Pretokenising

Pretokenisation works from an ordered list of rules.

See pretokenisation rules for the list (which depends on the Rust edition which is in effect).

To extract a pretoken from the input:

  • Apply each rule to the input.

  • If no rules succeed, lexical analysis fails.

  • Otherwise, the extracted pretoken's extent, kind, and attributes are determined (as described for each rule below) by the successful rule which appears earliest in the list.

  • Remove the extracted pretoken's extent from the start of the input.

Note: If lexical analysis succeeds, concatenating the extents of the pretokens extracted during the analysis produces an exact copy of the input.
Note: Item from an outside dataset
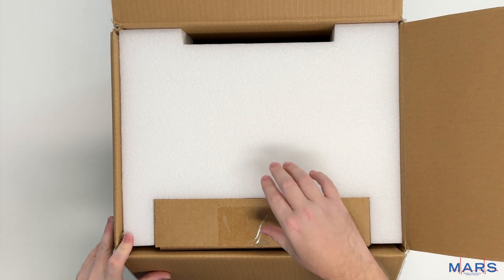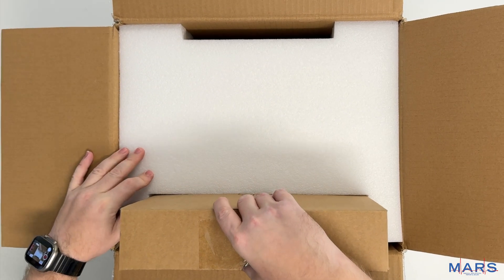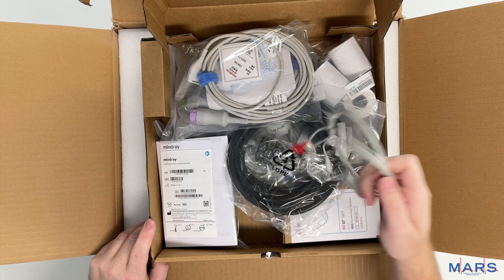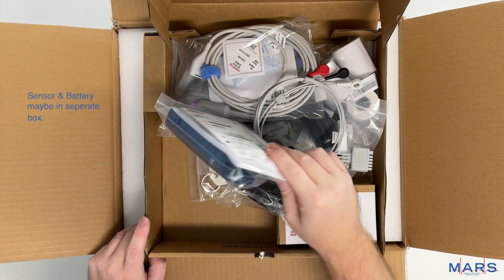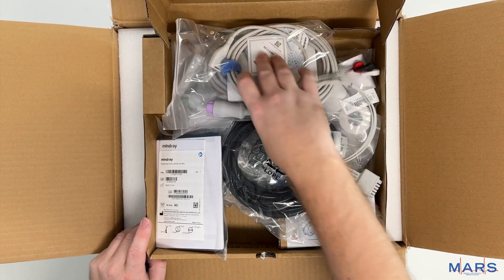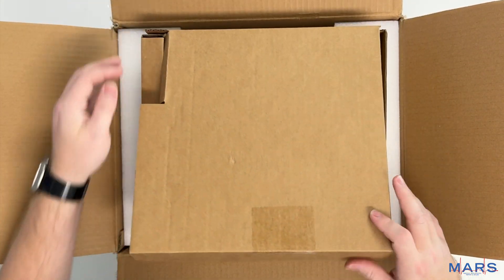When you first open the box you'll have a smaller box over here to the side. Within this box you'll have all your accessories: your lead wires, your power cord, your sensor, your battery will usually be stuck up in here, paper, extension cords, temperature probe cable, and all that good stuff.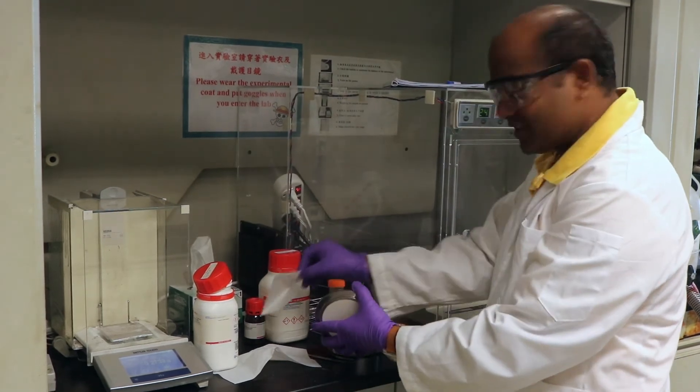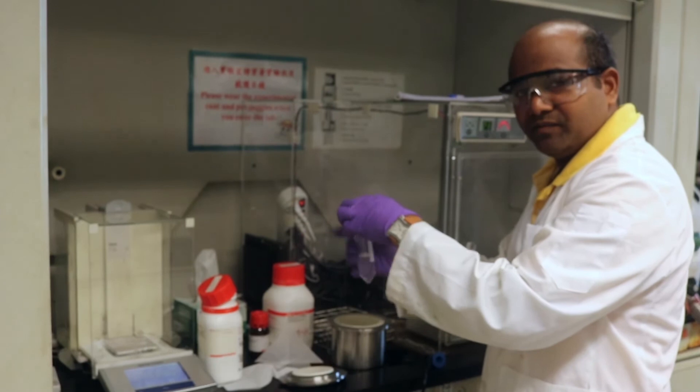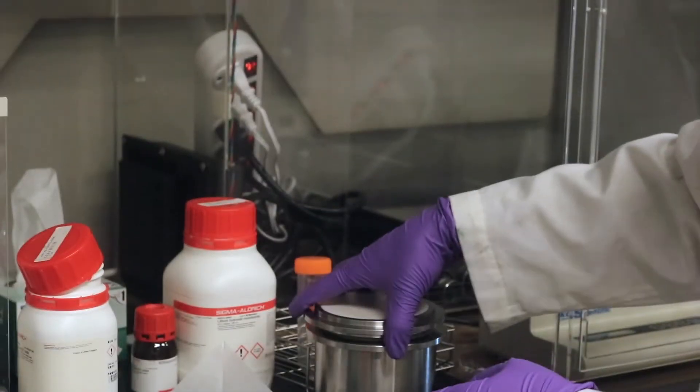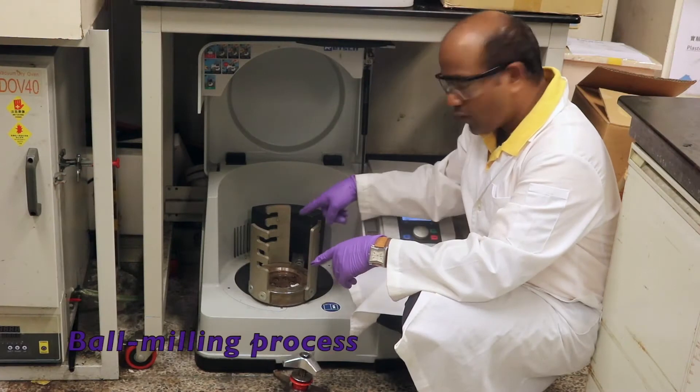These chemicals we are dissolving in isopropanol. These chemicals are then ball milled for 12 hours. This is the ball milling machine.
See open question Rule priority

Rules

Each rule has a pattern (see patterns) and a set of forbidden followers (a set of characters).

A rule may also have a constraint (see constrained pattern matches).

The result of applying a rule to a character sequence is either:

  • the rule fails; or
  • the rule succeeds, and reports
    • an extent, which is a prefix of the character sequence
    • a pretoken kind
    • values for the attributes appropriate to that kind of pretoken

Note: a given rule always reports the same pretoken kind, but some pretoken kinds are reported by multiple rules.

Applying rules

To apply a rule to a character sequence:

  • Attempt to match the rule's pattern against each prefix of the sequence.
  • If no prefix matches the pattern, the rule fails.
  • Otherwise the extent is the longest prefix which matches the pattern.
  • If the extent is not the entire character sequence, and the character in the sequence which immediately follows the extent is in the rule's set of forbidden followers, the rule fails.
  • Otherwise the rule succeeds.

The description of each rule below says how the pretoken kind and attribute values are determined when the rule succeeds.

Constrained pattern matches

Each rule which has a constraint defines what is required for a sequence of characters to satisfy its constraint.

Or more formally: a constraint is a predicate function defined on sequences of characters.

When a rule which has a constraint is applied to a character sequence, the resulting extent is the shortest maximal match, defined as follows:

  • The candidates are the prefixes of the character sequence which match the rule's pattern and also satisfy the constraint.

  • The successor of a prefix of the character sequence is the prefix which is one character longer (the prefix which is the entire sequence has no successor).

  • The shortest maximal match is the shortest candidate whose successor is not a candidate (or which has no successor)

Note: constraints are used only for block comments and for raw string literals with hashes.

For the block comments rule it would be equivalent to say that the shortest match becomes the extent.

For raw string literals, the "shortest maximal match" behaviour is a way to get the mix of non-greedy and greedy matching we need: the rule as a whole has to be non-greedy so that it doesn't jump to the end of a later literal, but the suffix needs to be matched greedily.